The structures of two synthetic small molecule activators of SIRT6’s deacetylase activities. One of them, UBCS039 is shown to bind the fatty acyl pocket of SIRT6.

SIRT7 in epigenetic regulation

SIRT7 resides in the nucleus but concentrates in nucleoli and is known to deacetylate H3K18 [104]. It was also reported to desuccinylate histones [105], but the in vitro biochemical evidence is not very strong. The in vitro activity of SIRT7 is weak but can be enhanced dramatically by double stranded DNA and different RNA species [106,107].

SIRT7 is a unique sirtuin as it regulates transcription mediated by all three nuclear RNA polymerases. Proteomics and enzymology studies revealed that SIRT7 regulates Pol I activity and ribosome biogenesis [108–110], Pol II mRNA transcription and metabolic stress response [111–114], and potential regulation of Pol III transcription [115].

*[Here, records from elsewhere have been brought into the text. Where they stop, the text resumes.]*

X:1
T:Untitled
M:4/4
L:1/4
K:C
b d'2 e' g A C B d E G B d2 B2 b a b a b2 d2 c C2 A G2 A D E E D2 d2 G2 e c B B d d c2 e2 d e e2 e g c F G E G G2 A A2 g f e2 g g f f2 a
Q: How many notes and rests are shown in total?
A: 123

The role of SIRT7 in genome stability was recently discovered. SIRT7 maintains rDNA stability and guards against cellular senescence though regulating SNF2H, a component of the nucleolar heterochromatin-silencing complex [116]. SIRT7 deficiency leads to defective rDNA-heterochromatin silencing, causing rDNA instability and cell senescence. SIRT7 also safeguards genome stability through deacetylating and augmenting DDX21, an RNA helicase that unwinds aberrant R loop and maintains genome stability [117].

Concluding remarks

While many studies continue to unveil the epigenetic roles of sirtuins as deacetylases for histones and transcriptional regulators, the studies described above raise new questions and open new research opportunities. The emerging RNA regulatory role of SIRT1 requires more mechanistic delineation. Whether sirtuin’s lysine de-fatty acylase activity has epigenetic roles remains to be determined. Identification of protein substrates of this activity and its downstream effects can shed light on this largely ignored area of study.

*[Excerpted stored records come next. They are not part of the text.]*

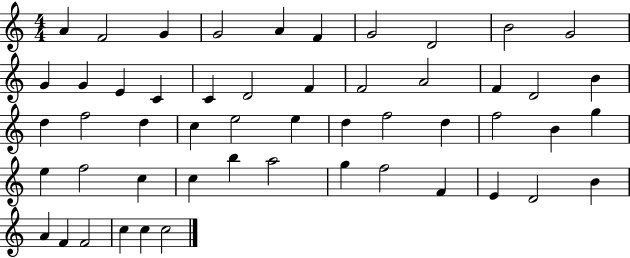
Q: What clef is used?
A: treble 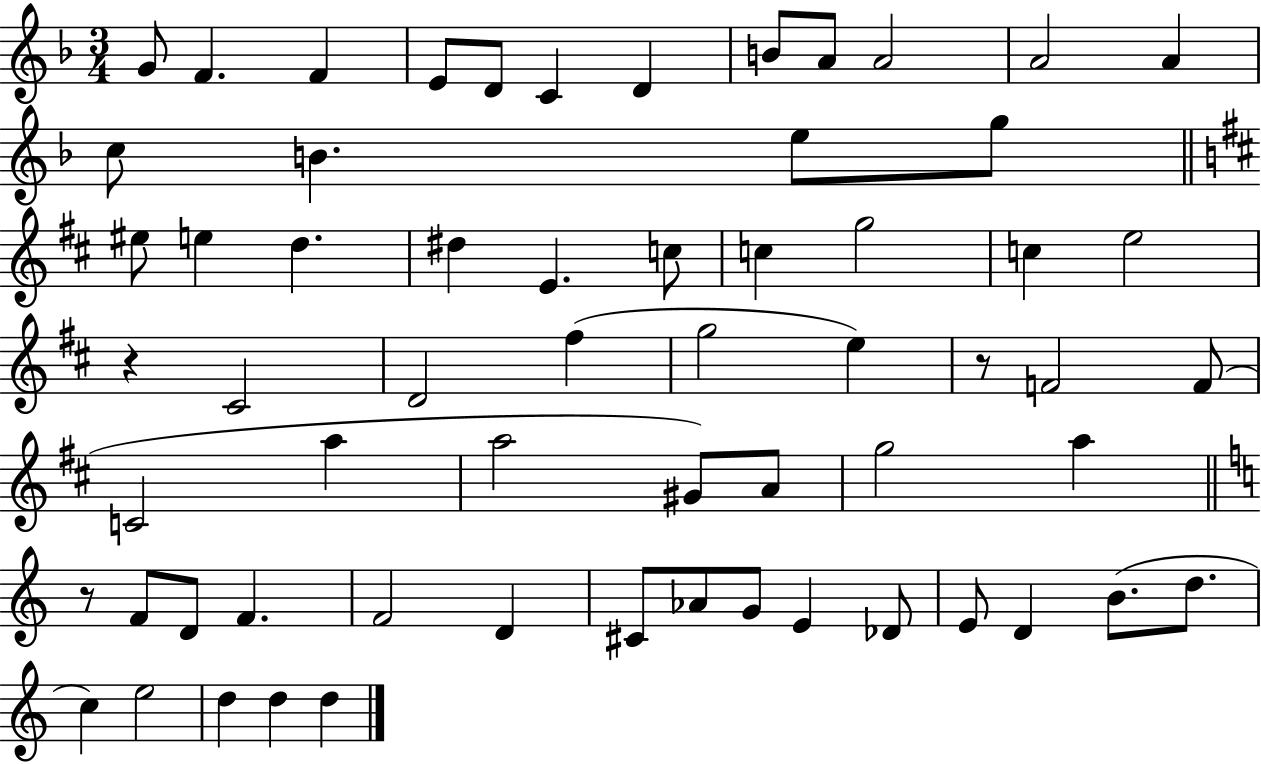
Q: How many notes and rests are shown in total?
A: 62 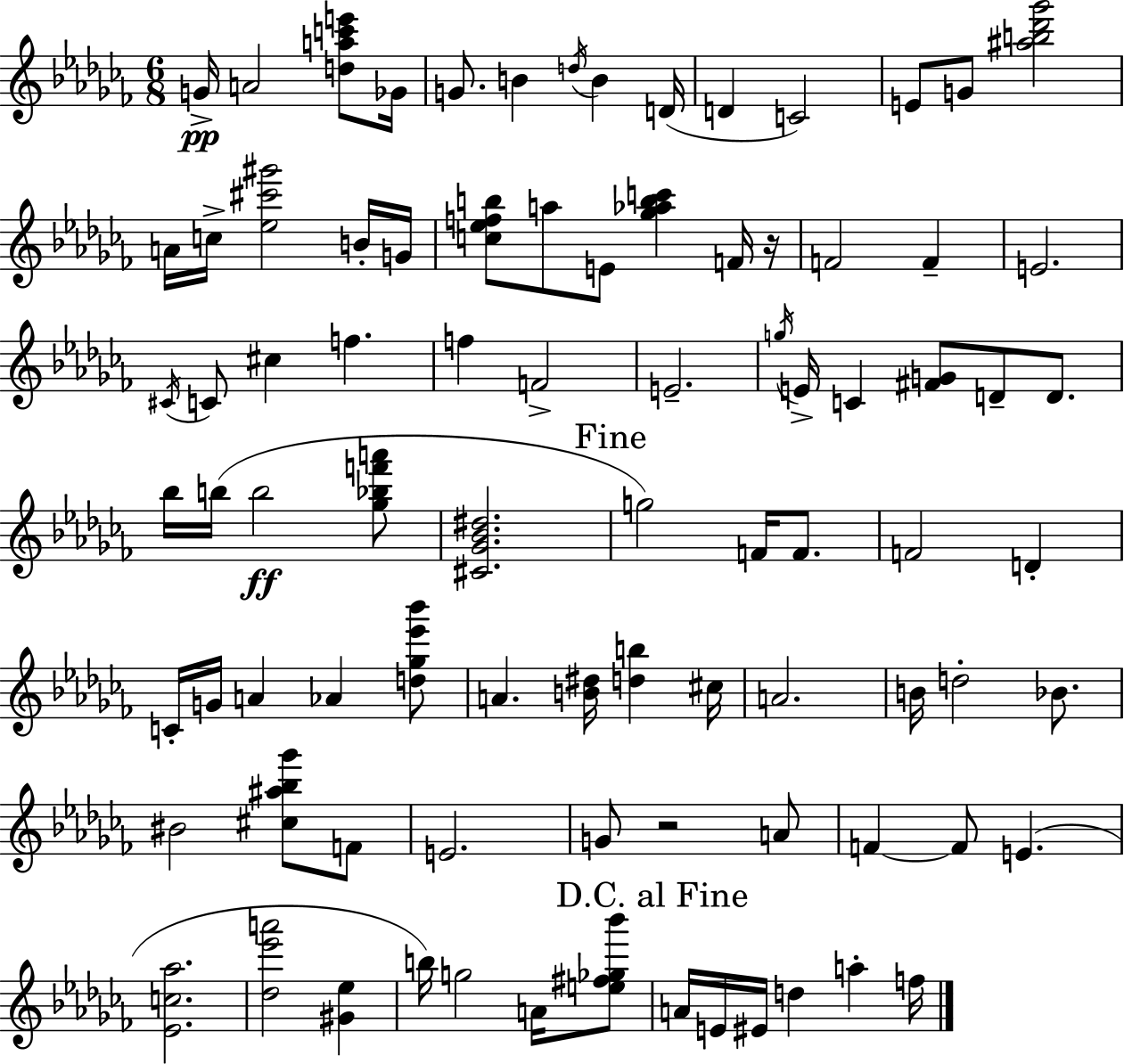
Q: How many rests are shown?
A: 2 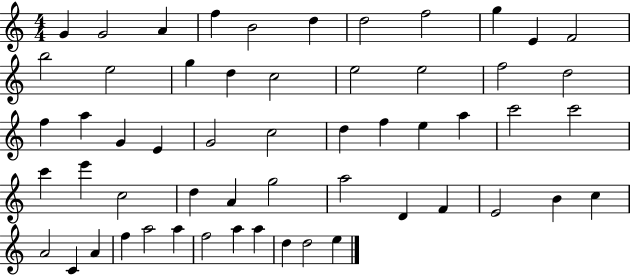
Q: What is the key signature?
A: C major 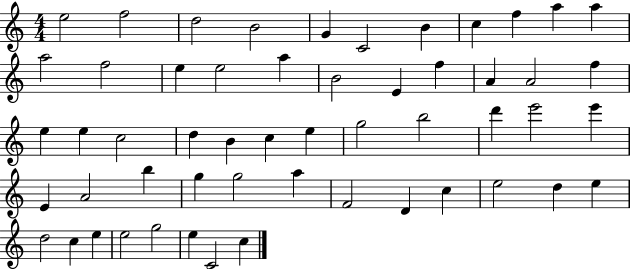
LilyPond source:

{
  \clef treble
  \numericTimeSignature
  \time 4/4
  \key c \major
  e''2 f''2 | d''2 b'2 | g'4 c'2 b'4 | c''4 f''4 a''4 a''4 | \break a''2 f''2 | e''4 e''2 a''4 | b'2 e'4 f''4 | a'4 a'2 f''4 | \break e''4 e''4 c''2 | d''4 b'4 c''4 e''4 | g''2 b''2 | d'''4 e'''2 e'''4 | \break e'4 a'2 b''4 | g''4 g''2 a''4 | f'2 d'4 c''4 | e''2 d''4 e''4 | \break d''2 c''4 e''4 | e''2 g''2 | e''4 c'2 c''4 | \bar "|."
} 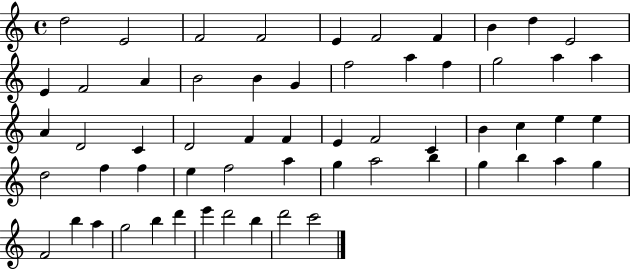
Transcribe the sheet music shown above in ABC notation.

X:1
T:Untitled
M:4/4
L:1/4
K:C
d2 E2 F2 F2 E F2 F B d E2 E F2 A B2 B G f2 a f g2 a a A D2 C D2 F F E F2 C B c e e d2 f f e f2 a g a2 b g b a g F2 b a g2 b d' e' d'2 b d'2 c'2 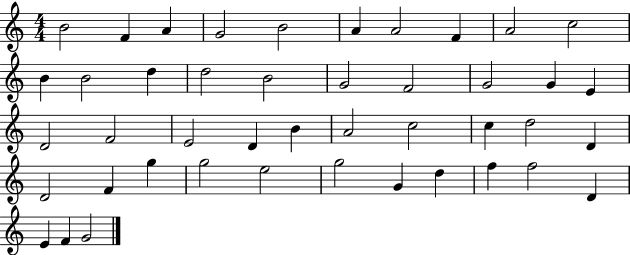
{
  \clef treble
  \numericTimeSignature
  \time 4/4
  \key c \major
  b'2 f'4 a'4 | g'2 b'2 | a'4 a'2 f'4 | a'2 c''2 | \break b'4 b'2 d''4 | d''2 b'2 | g'2 f'2 | g'2 g'4 e'4 | \break d'2 f'2 | e'2 d'4 b'4 | a'2 c''2 | c''4 d''2 d'4 | \break d'2 f'4 g''4 | g''2 e''2 | g''2 g'4 d''4 | f''4 f''2 d'4 | \break e'4 f'4 g'2 | \bar "|."
}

It is amazing that recent studies revealed many additional substrates for the seven mammalian sirtuins. This highlights the important biological functions of sirtuins, yet calls for a deeper understanding to simplify the complexity. In this regard, it is becoming increasingly important to understand how the sirtuins themselves are regulated, which will provide key insights to sort out the complexity associated with so many different substrates and functions. SIRT1, the most well studied mammalian sirtuins, is again at the leading edge. As discussed above, SIRT1 is the target of regulation by cellular stimuli necessary to address specific demands. Understanding how other sirtuins are regulated will similarly provide important insights.

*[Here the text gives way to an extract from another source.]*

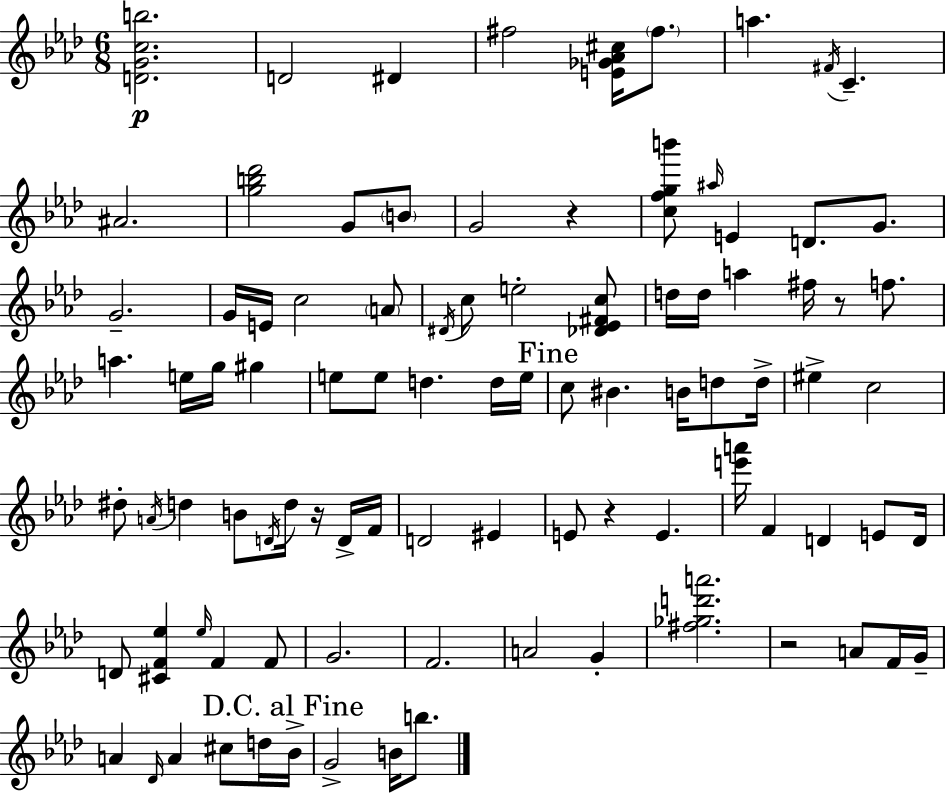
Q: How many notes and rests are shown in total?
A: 93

At present, the mitochondrial sirtuins, SIRT3–5, seem to have limited direct effects in epigenetics due to their cellular localization. Nevertheless, their nuclear localization should not be completely disregarded. In fact, SIRT3 was reported to localize in the nucleus and regulate histone acetylation [118] and crotonylation [119], but the nuclear localization of SIRT3 was controversial [120]. Histones were known to be succinylated and the first histone H3 succinyltransferase was recently discovered [121]. SIRT5, the only well accepted lysine desuccinylase, could possibly regulate such histone modification and thus have direct epigenetic roles. Future studies should further clarify the epigenetic functions of SIRT3–5.

Sirtuins are increasingly recognized as deacylases instead of deacetylases. However, the epigenetic functions reported have largely attributed to the deacetylase activity. Whether other activities regulate epigenetics is therefore of great interest. It is possible that other acyl lysine modifications are also epigenetic marks. Alternatively, other deacylation function of sirtuins are mainly confined to locations outside of the nucleus.